Many of the writers talk about the vibration of living foods—that living things vibrate at a higher level than dead things—and therefore create better energy for our bodies and souls. Since we are all made up of energy (think Einstein's famous formula), it seems a plausible theory. As a girl who believes in a world spoken into being, I can conceive that there may be more to it than we can scientifically measure and create a pill to replace.

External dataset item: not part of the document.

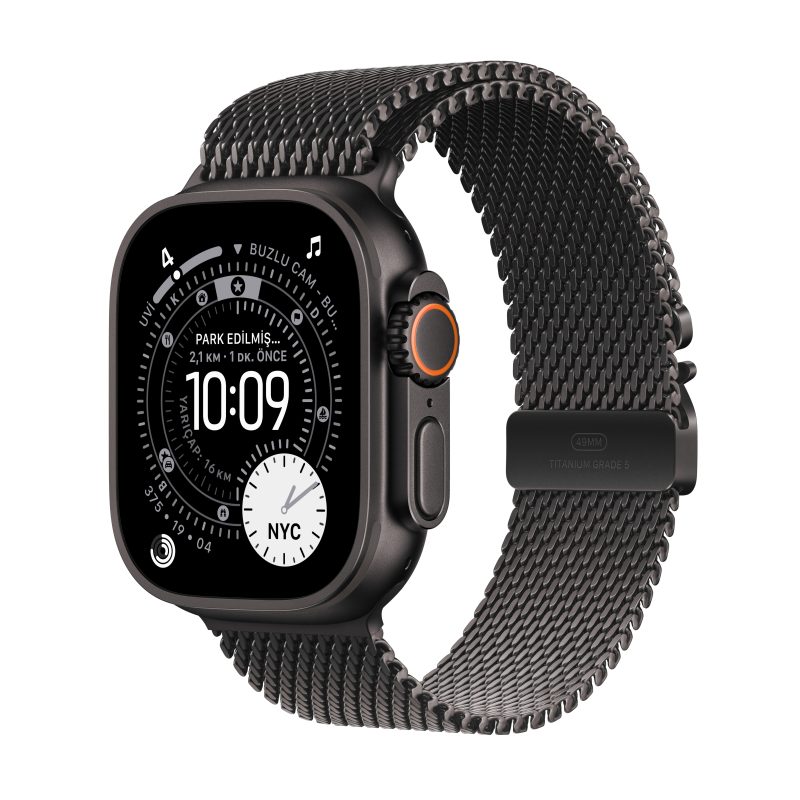 Apple Watch Ultra 3 GPS + Cellular 49mm Siyah Titanyum Kasa Siyah Titanyum Milano Loop S MF1N4TU/A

Since that first book, I've read a lot of raw veggie gurus such as David Wolfe, Ani Phyo, Yuri Elkaim and Natalia Rose.  And while I haven't found 100% raw to be sustainable for me (nor do I feel like it needs to be), I have found that when I'm eating at least 50% raw I simply feel better. (And it gets way easier to sustain a lower weight.)

The tools for making raw foods are different than conventional cooking.  They rely on high-end blenders,  mandolin slicers, spiralizers, juicers and dehydrators (that only heat foods to 115 degrees).

Sunday night, I went to a class at Be Raw Food and Juice Cafe in Dallas. They taught us to make raw pastas and sauces.  Since everything is made from living foods, the noodles are typically created from vegetables that are spiral sliced.  You can make a super-quick version at home by using a vegetable peeler to slice "ribbons" of zucchini.   (I like to soak mine in salt water first then drain before serving to make them a little softer.) Serve them raw on a plate topped with a drizzle of olive oil, salt, chopped tomatoes, fresh garlic and basil or make a simple a pesto sauce.

I've found with cooking that it isn't something I can learn from a book.  Somebody needs to show me.  I'm glad Be Raw is committed to teaching skills. And the best part of taking classes? Eating the results!